→ **Assignment**
When you reach the line containing "Net til ukrudtsbekæmpelse", begin reproducing the material exactly, stop after the line containing "Scorpio Horoscope 4 January 2025", and leave out any pictures along the way.

(Beginning of Extracted data)

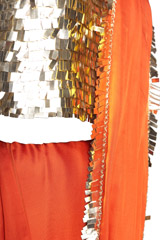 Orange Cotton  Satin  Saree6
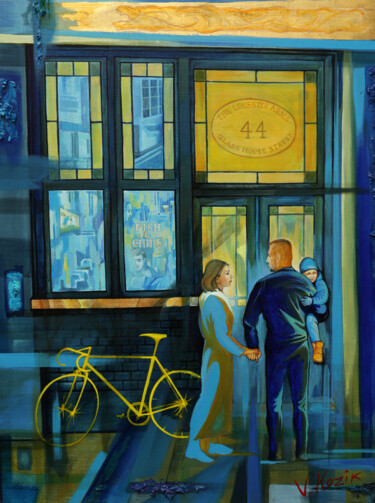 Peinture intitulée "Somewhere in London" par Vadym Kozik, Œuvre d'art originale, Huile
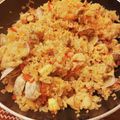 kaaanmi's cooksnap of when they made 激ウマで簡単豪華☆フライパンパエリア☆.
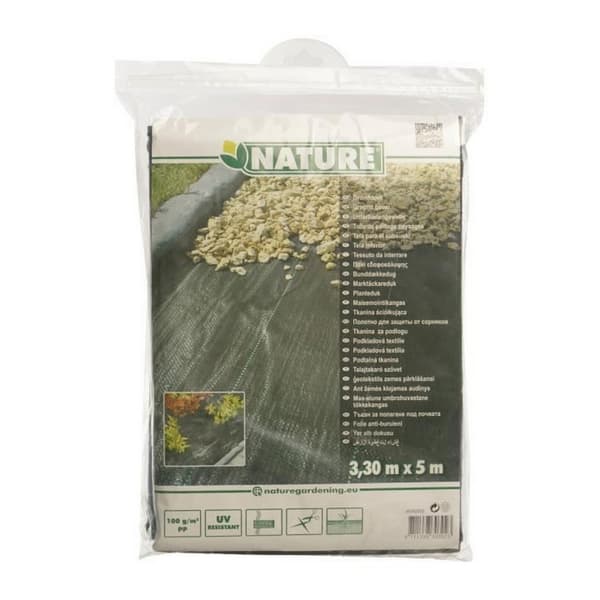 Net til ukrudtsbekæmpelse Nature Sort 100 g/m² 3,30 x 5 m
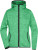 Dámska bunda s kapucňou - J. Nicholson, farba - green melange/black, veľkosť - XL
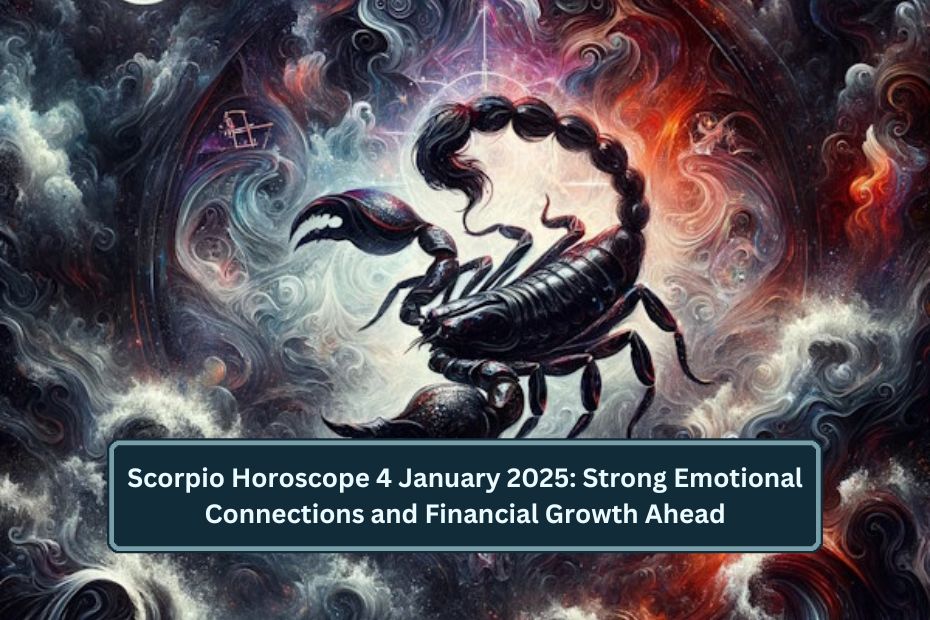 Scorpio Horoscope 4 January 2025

(End of Extracted data)
(Beginning of Extracted data)

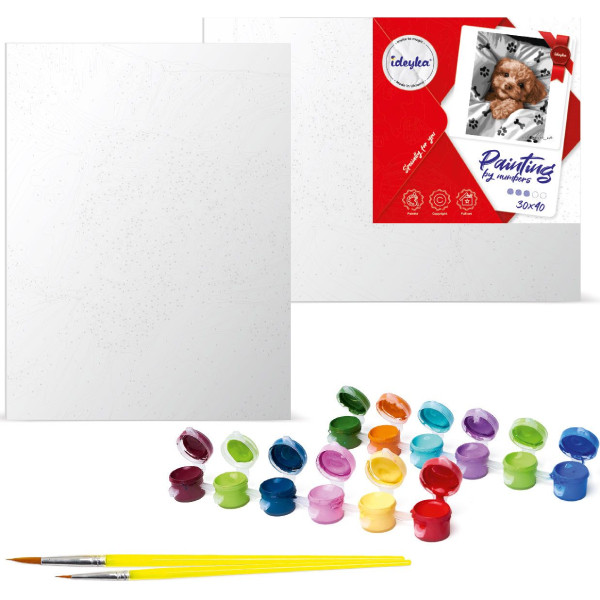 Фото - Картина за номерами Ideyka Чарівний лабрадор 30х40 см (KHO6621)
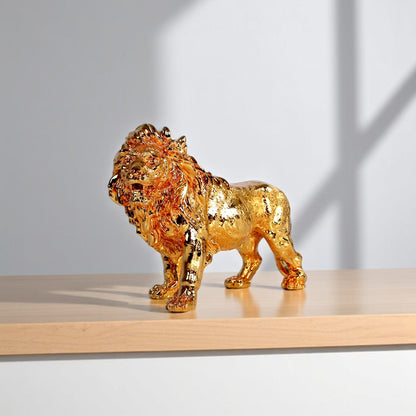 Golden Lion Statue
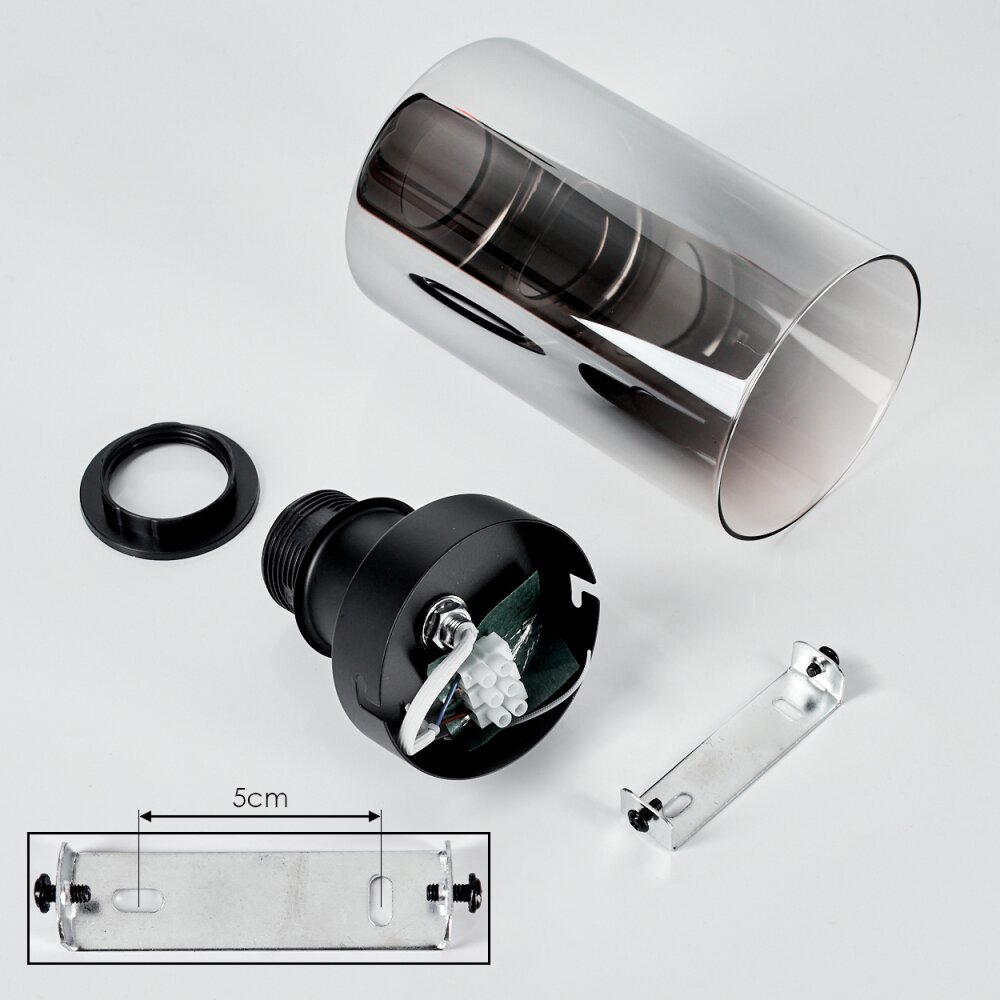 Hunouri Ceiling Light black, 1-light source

(End of Extracted data)

→ **Output for this exercise**
 Net til ukrudtsbekæmpelse Nature Sort 100 g/m² 3,30 x 5 m
 Dámska bunda s kapucňou - J. Nicholson, farba - green melange/black, veľkosť - XL
 Scorpio Horoscope 4 January 2025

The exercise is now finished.